**Given data**

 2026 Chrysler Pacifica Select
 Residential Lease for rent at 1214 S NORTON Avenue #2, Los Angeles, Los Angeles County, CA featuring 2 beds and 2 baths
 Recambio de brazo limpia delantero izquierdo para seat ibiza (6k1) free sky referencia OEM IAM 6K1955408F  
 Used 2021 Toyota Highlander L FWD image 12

**What to produce**
From the line holding "Recambio de brazo" to the last line of the material above, reproduce every line exactly, and only those.

**Exercise result**
 Recambio de brazo limpia delantero izquierdo para seat ibiza (6k1) free sky referencia OEM IAM 6K1955408F  
 Used 2021 Toyota Highlander L FWD image 12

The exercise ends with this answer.